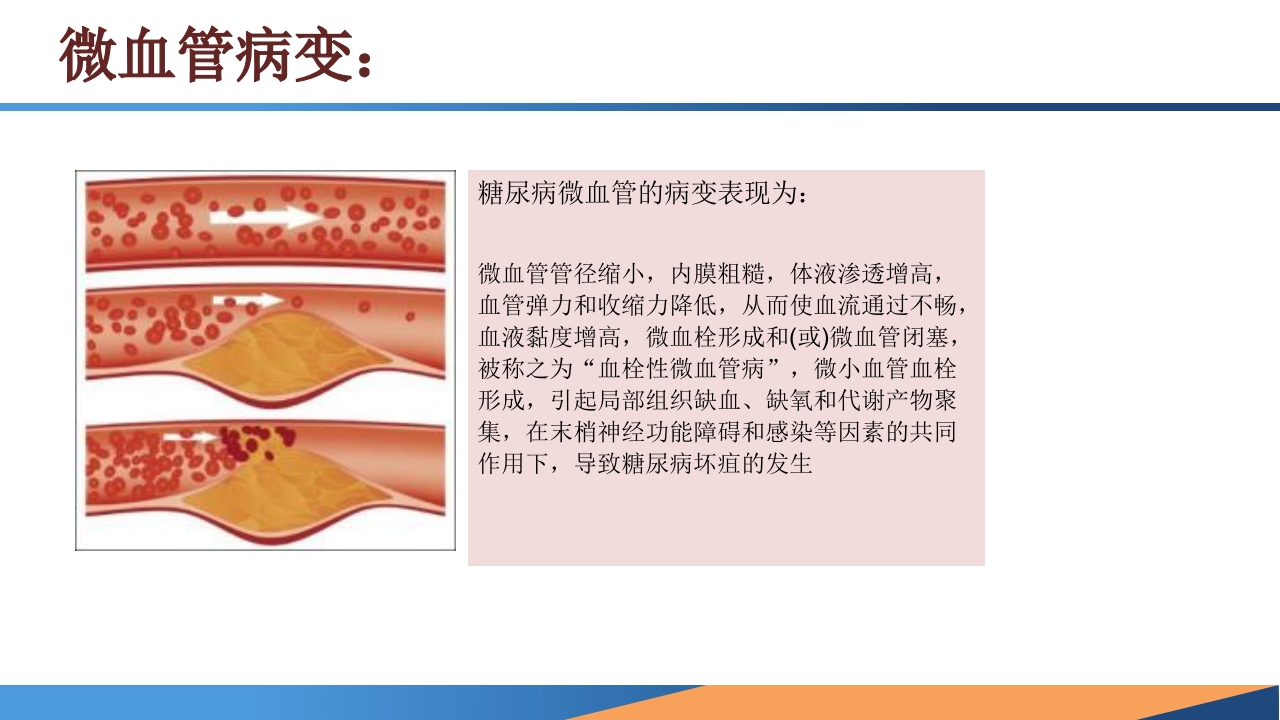糖尿病患者合并周围动脉病变的诊断PPT课件5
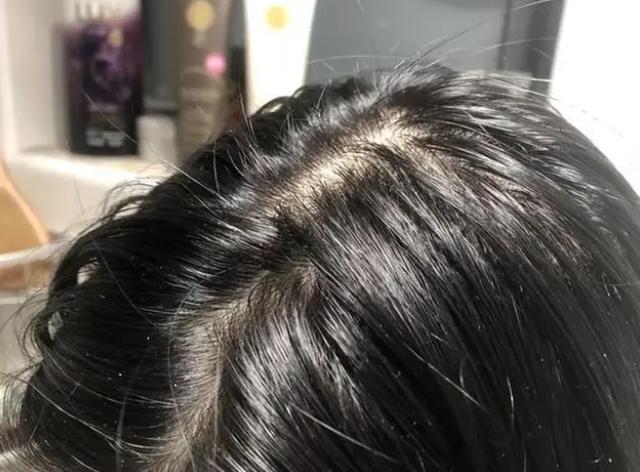 肌肤 头发经常出油贴着头皮？教你4个护发技巧，洗完干爽又蓬松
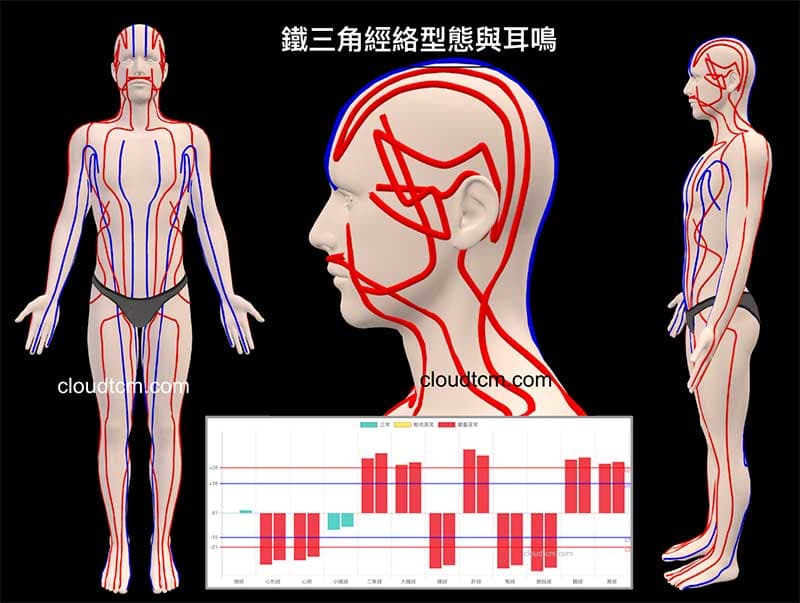 鐵三角經絡型態變化型容易出現耳鳴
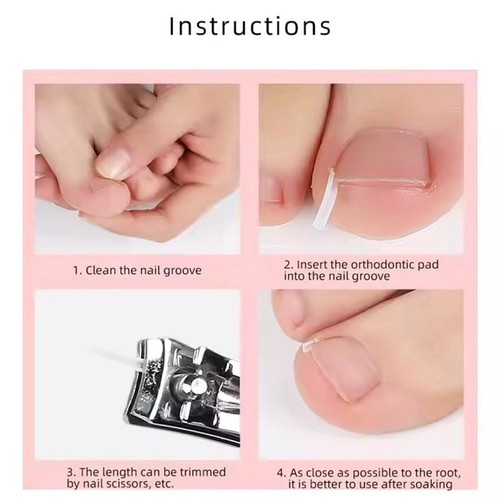 Corrector de uñas almohadilla de uñas encarnada ranura herramienta para el cuidado de los pies corrector de uñas de los pies 50 un. - Imagen 9 de 16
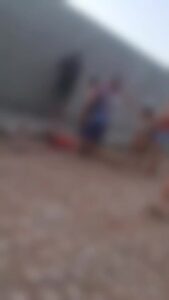 Ataque de pitbulls em Extremoz resulta em amputação de braços de homem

= = = = = = =

**Problem statement**
Your task is to copy word for word the lines from the line containing "Corrector de uñas almohadilla" to the end of the listing, both included, and to drop any pictures.

**Answer below**
 Corrector de uñas almohadilla de uñas encarnada ranura herramienta para el cuidado de los pies corrector de uñas de los pies 50 un. - Imagen 9 de 16
 Ataque de pitbulls em Extremoz resulta em amputação de braços de homem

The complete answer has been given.